Der staatlich gesteuerte Turbokapitalismus made in China sucht Zugang zur freien Marktwirtschaft in Europa, um einen größeren Anteil vom Kuchen abzubekommen. Bisher profitierten Europa und dabei ganz besonders Deutschland stärker von den chinesischen Marktbedingungen (billige Arbeitsplätze, Hunger nach Hochtechnologie), als China Nutzen aus der Technologie und dem Entwicklungsvorsprung der Europäer ziehen konnte. Dies soll sich nun ändern. Da aber die neuen Investoren aus China ihre eigenen Regeln mitbringen, wird es immer wieder zu einem Zusammenstoß der unternehmerischen Kulturen und Wertvorstellungen kommen.

Deutschland kommt Schlüsselrolle zu

Diese neuen Kooperationen sind unberechenbar, beladen mit Misstrauen. Gerade kollabierte in Polen das größte, von Chinesen gesteuerte Infrastrukturprojekt in Europa. Offenbar waren die von den Chinesen offerierten Dumpingpreise selbst mit staatlicher Rückendeckung aus Peking nicht zu halten. China hat keinen guten Leumund als Investor und Arbeitgeber.

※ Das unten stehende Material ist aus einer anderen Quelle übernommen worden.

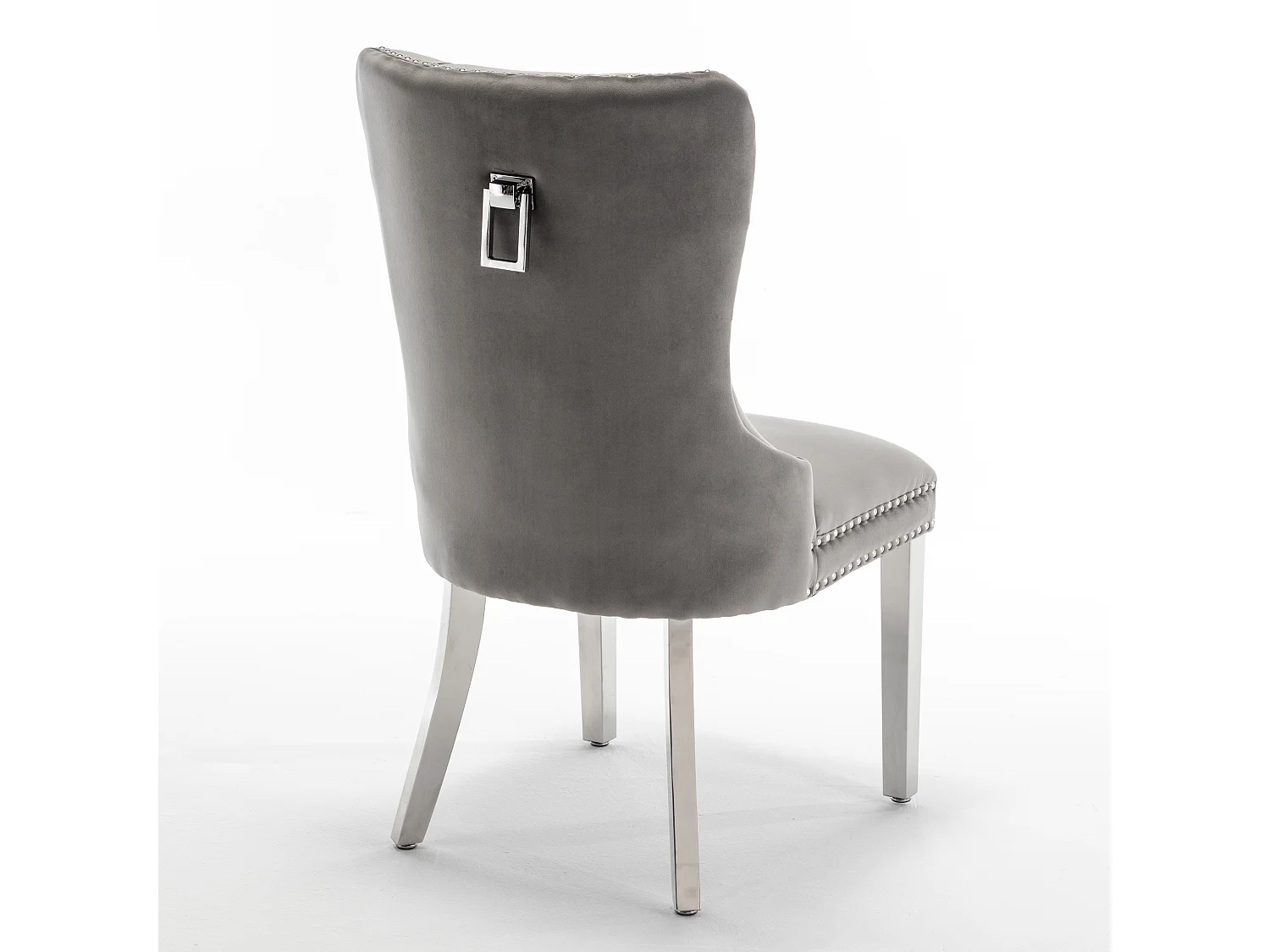 Chaise design velours capitonné clouté et pieds acier chromé Kazar - Lot de 2-Couleur Gris foncé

Das soll sich nun ändern, weil die Führung in Peking das Vertrauen der Hochtechnologie-Länder braucht, um zum nächsten Entwicklungssprung anzusetzen. Dazu also sucht China die Unterstützung gerade der deutschen Regierung. Mit dem politischen Placet aus Berlin könnte das Misstrauen gegen das frische Geld aus dem Osten schwinden.

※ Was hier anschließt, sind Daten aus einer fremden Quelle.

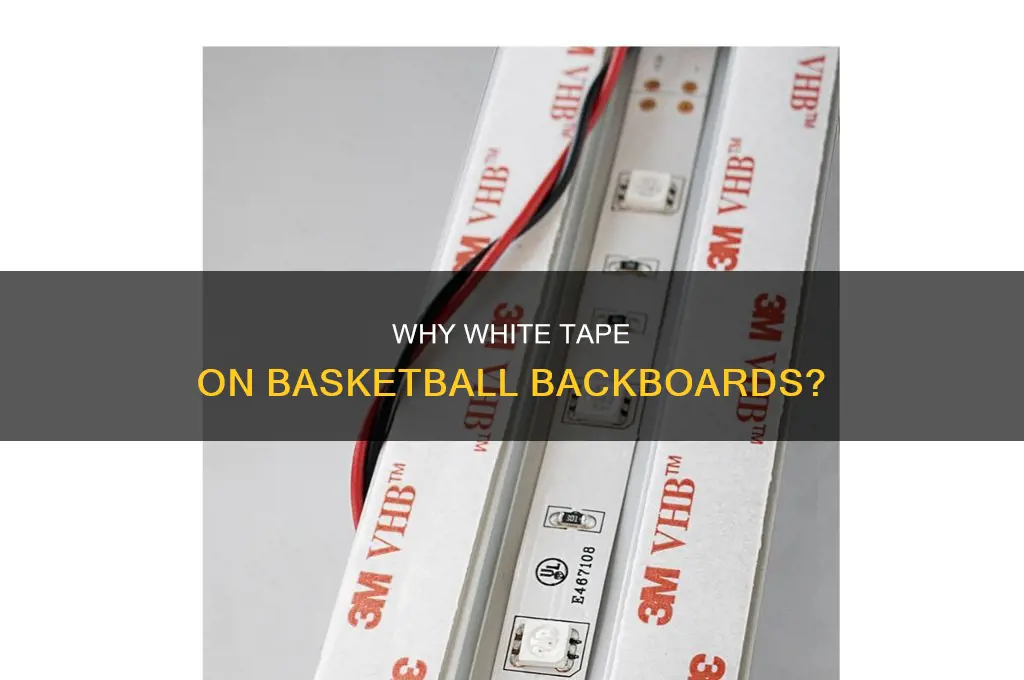 is the white tape on basketball basketball backboards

Deutschland kommt eine Schlüsselrolle zu bei der Erhebung Chinas in den Stand eines soliden Kaufmanns. Deswegen sollte die Bundesregierung vorsichtig sein bei der Verleihung des Gütesiegels. Geld mag schnell verdient sein, aber den Ruf der Verlässlichkeit erwirbt man nicht über Nacht.